Somewhat interesting to this, I have amanda doing a verify phase too. During
the verify phase (and while I was waiting for gmail to transmit this message,
it took 30 minutes before it showed up on the list) I noted that when
amrestore fired up, it, and its child tar were only taking about 20% of the
cpu between them, and that /dev/hdd was showing a pretty steady 55 to
75MB/sec being read. As to what this tells us, I'm not going to hazard a
guess because it wouldn't, this time of the night here in WV, USA, even be a
SWAG. Its coming up on 2am and the toothpicks holding my eyes open are
sagging badly, making creaking noises even.

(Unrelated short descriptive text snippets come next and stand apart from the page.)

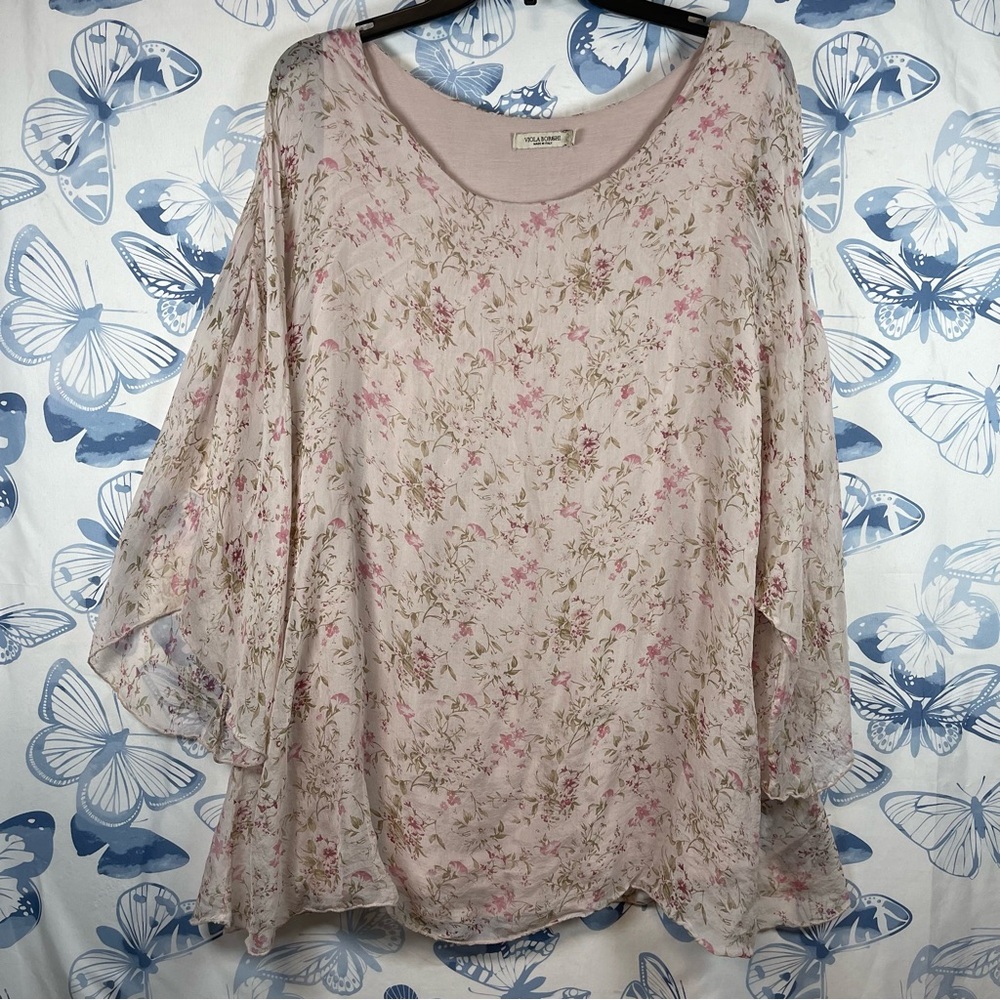 Viola Borghi Floral Pale Pink Top SZ 1X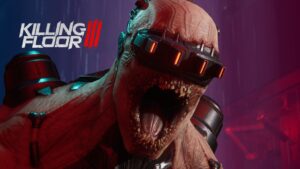 Monstre cybernétique de Killing Floor 3 en gros plan avec fond rouge et violet.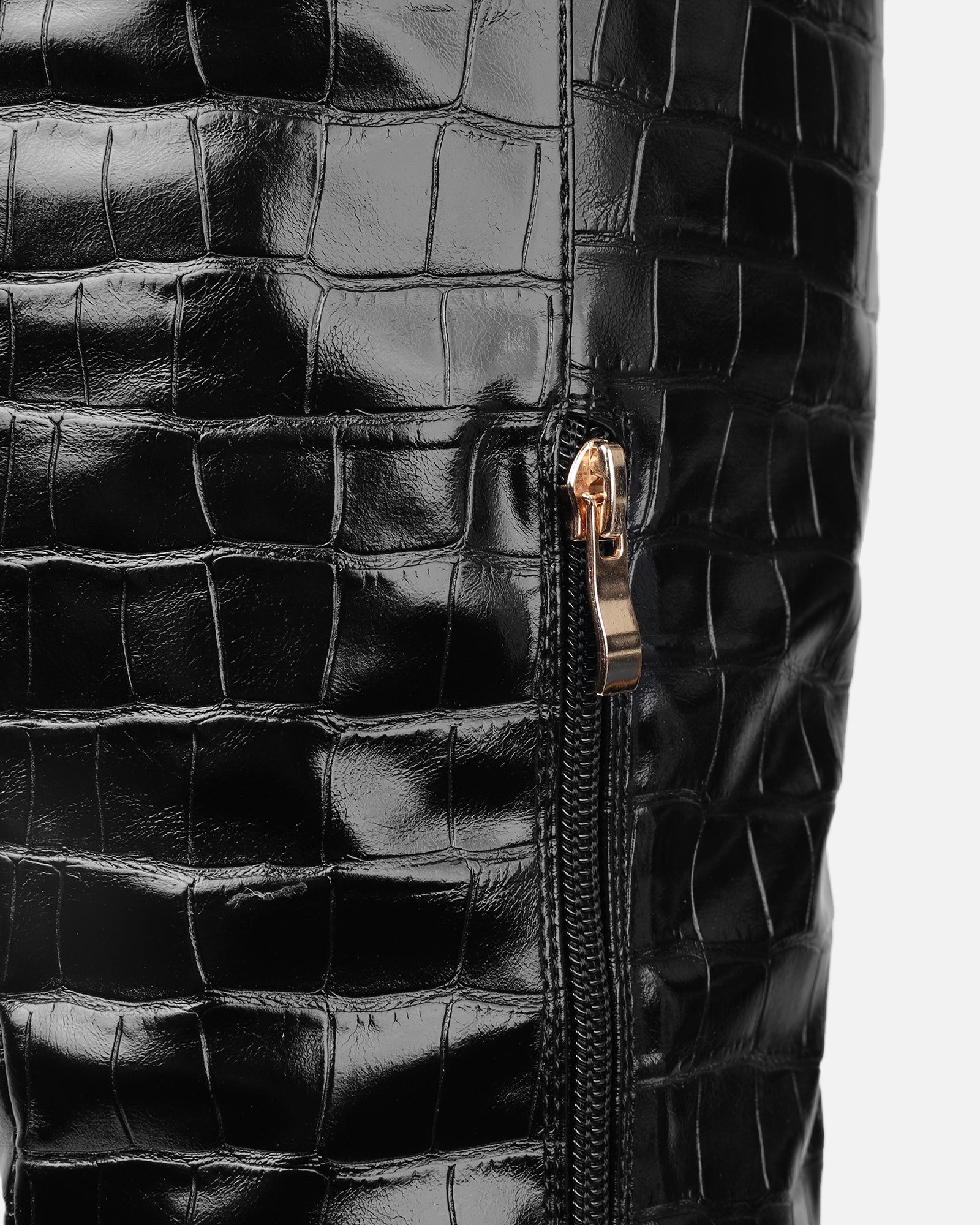 Darell Black Croc Over The Knee Block Heeled Boots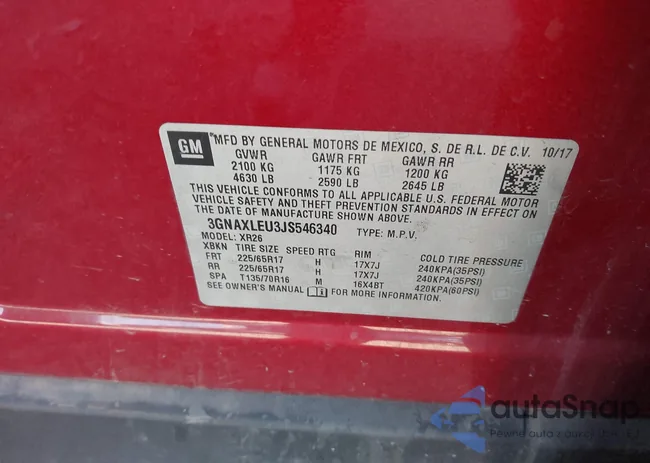 3GNAXLEU3JS546340: 43575677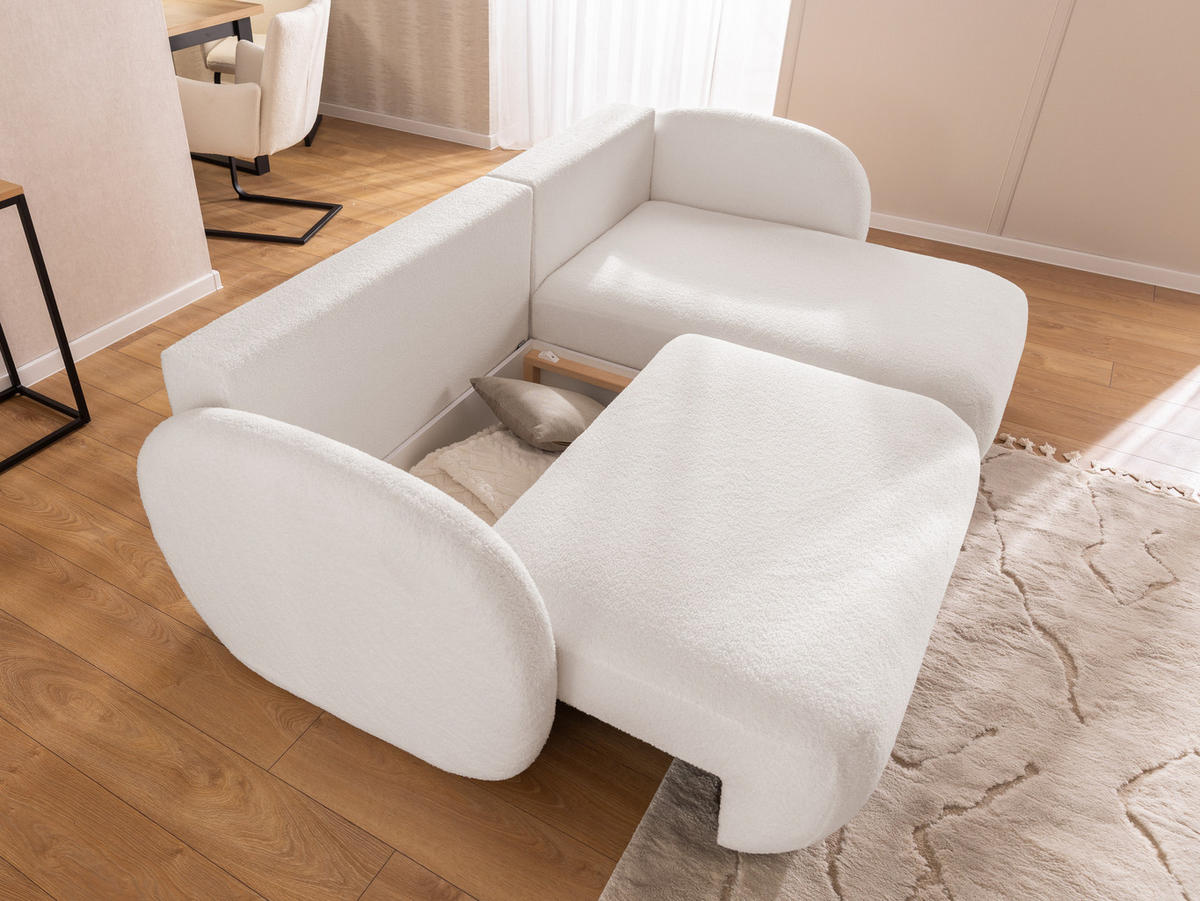 ECKSOFA Candy mit Schlaffunktion Weiß Bouclé-Stoff - Ottomane rechts - Schwarz/Weiß, Holz/Kunststoff (146/230cm) - S-Style Möbel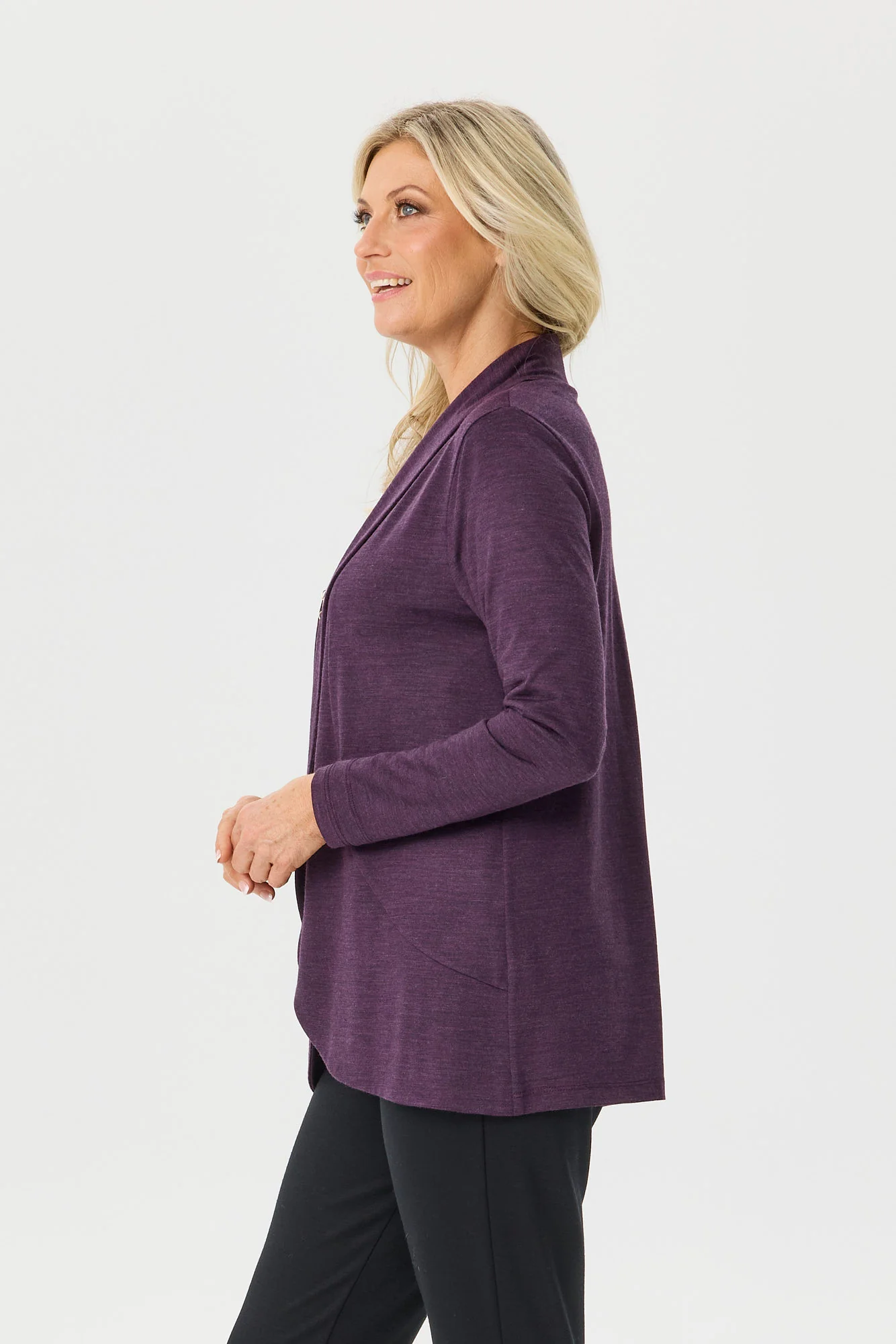 Hedrena Jersey Curved Hem Cardigan - Image 4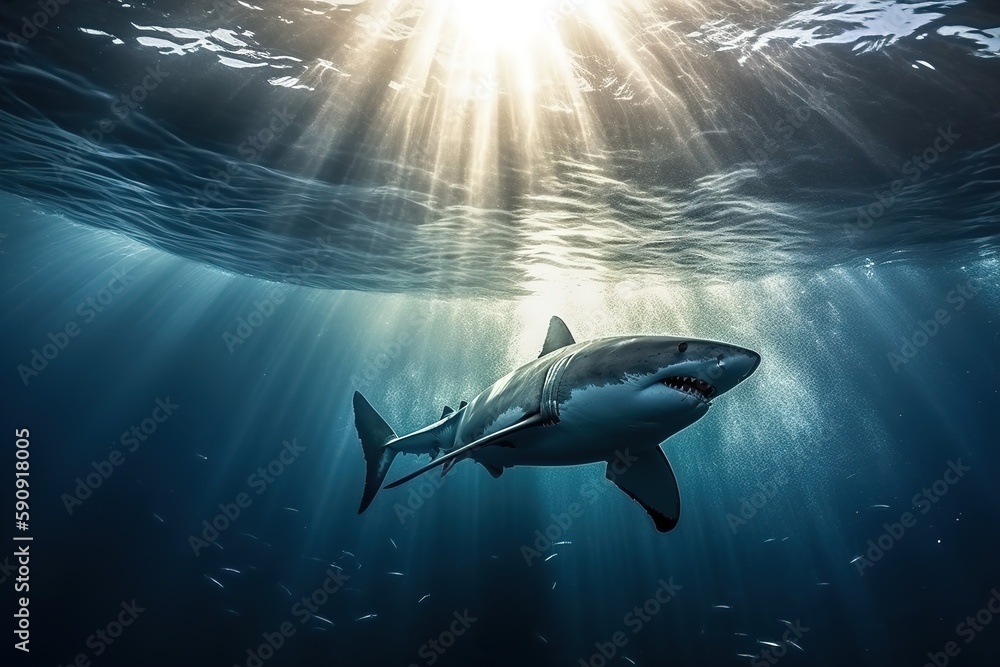 Fototapeta premium shark hunts underwater 
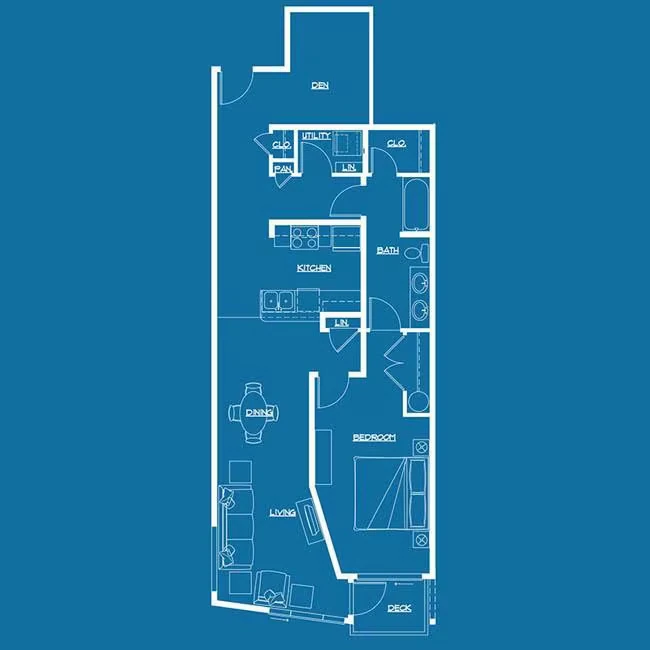 1 Bed 1 Bath 227 floor plan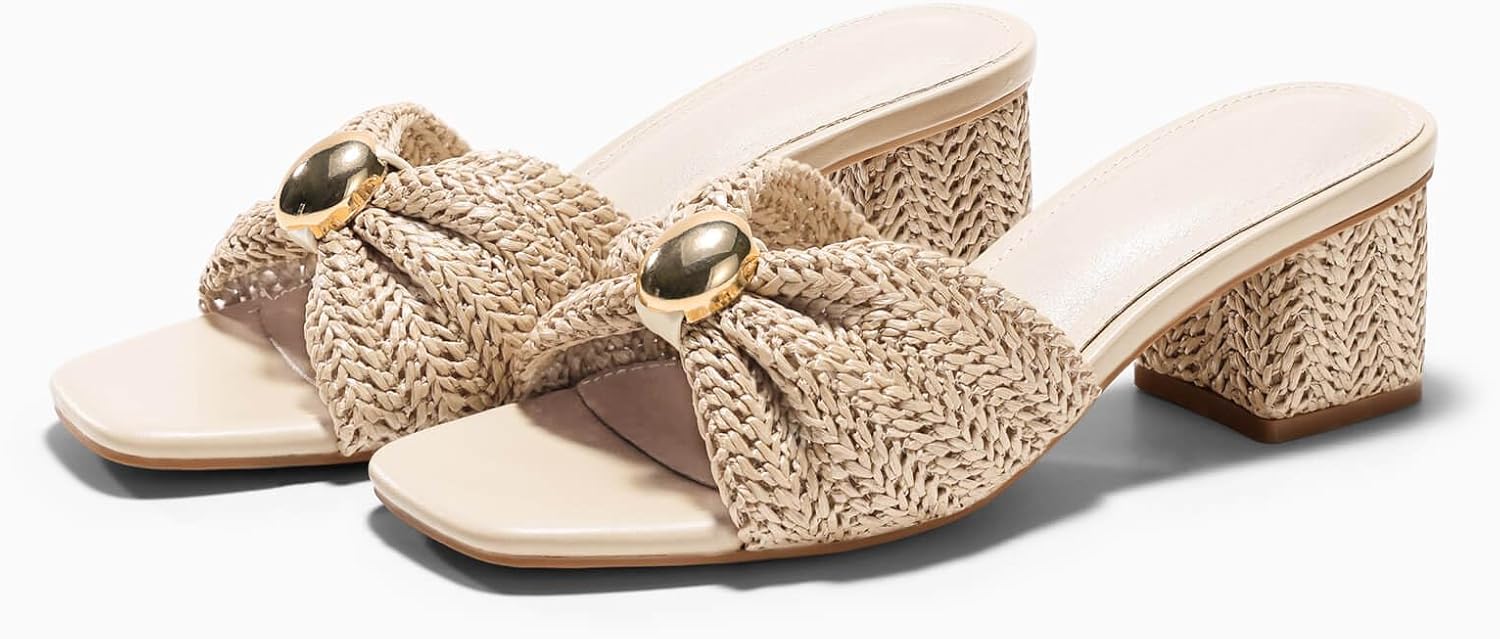 Coutgo Womens Low Chunky Block Heels Raffia Sandals Square Open Toe Slip On Slides Summer Beach Dress Shoes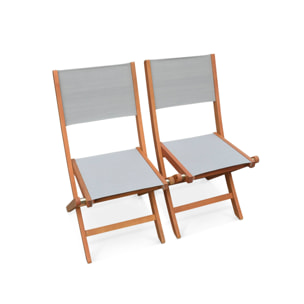 Salon de jardin en bois extensible - Almeria - Grande table 180/240cm avec rallonge. 8 chaises. en bois d'Eucalyptus huilé et textilène gris taupe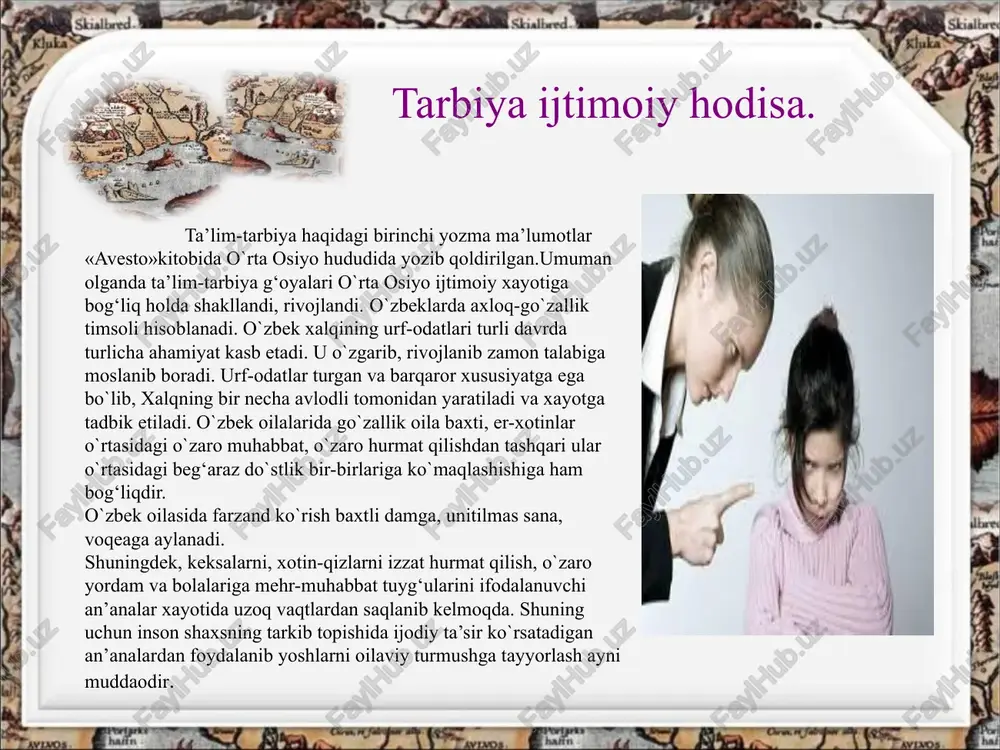 sonning ma’naviy va ruxiyatiga, aql-zakovatiga ilxom baxsh etadi, yaxshilik, samimiylik sari yetaqlaydi. o`zbeklarning o`zaro samimiy salomlashishi milliy urf-odatning ibratli ko`rinishlaridan hisoblanadi. tarbiya ijtimoiy hodisa. o`zbek xalqining bola tarbiyasi mohiyati, mazmuni, usullari, tarbiyaning kundalik va istiqbol rejasi, farzandlarga tartib o`tkazish vazifasini tanlash va unda unumli foydalanish tajribasi o`ziga xos xususiyaga egadir. bu xususiyat xalqning ma’naviy boyligi sifatida to`plangan, an’analari zamiridan kelib chiqqan. milliy maktab vazifalaridan biri ajdodlarimiz merosi milliy ana’nalarini o`rganib ulardan ta’lim-tarbiya jarayonida bolalarni tarbiyalashda unumli foydalanishdir. «an’ana» /arabcha/-/o`zbek/ uzoq zamonlardan beri avloddan-avlodga, otalardan bolalarga o`tib davom etib kelgan urf-odatlar, axloq normalari, qarashlar va x.k. dir. a’ananalar-ijtimoiy va ma’naviy merosimdir. tarbiya jarayonini rag`batlantiruvchi kuchlari. xozirgi kunda ayniqsa vatanparvarlik, millatlararo do`stlik, ekologik, iqtisodiy, xususiy, madaniyat, ta’lim-tarbiya soxasidagi an’analarni qo`llash o`zbek xalqining urf-odatlar, turmush-tarzi, oilaviy marosimlarini milliy maktab, oilaviy tarbiyada qo`llash komil insonni shakllantirish vositalaridan biridir. “barg ildizdan quvvat oladi “deganlaridek xozirgi va kelajak avlod kishilarining ularni chuqur bilimi, ma’naviyatimizning mag‘zi yetukligi …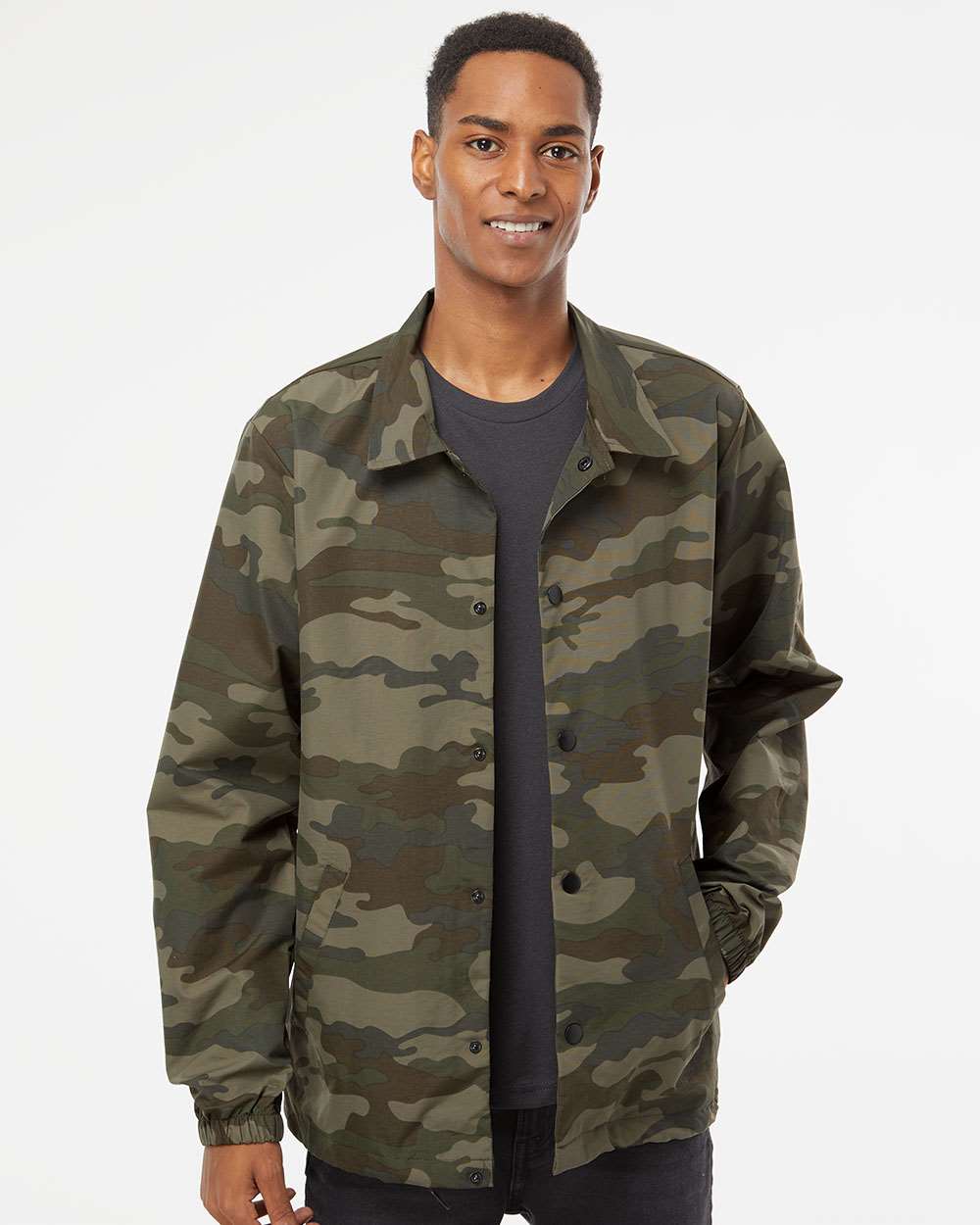 Men's Water-Resistant Windbreaker Coach’s Jacket - OnModelFront - B20876622 - Forest Camo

>Have you tried previous version with the fair-fork patch ? It might be
> possible that your workload is sensible to the fork()'s child getting much
> CPU upon startup.
Willy, I think that patch went by, and was followed by the v2-rc2 so fast that
I never got a chance to try it with the v2-rc0 framework. So I believe the
answer there is probably no. I never saw a problem with the v2-rc0, but Ingo
shot me a message about it without enough detail that I could have tested for
it.
FWIW, I've been using the CFQ I/O scheduler for quite a while, is it time I
gave the AS or Deadline versions another check? They are all built in but I
don't know how to change the default on the fly, or even if it can be done.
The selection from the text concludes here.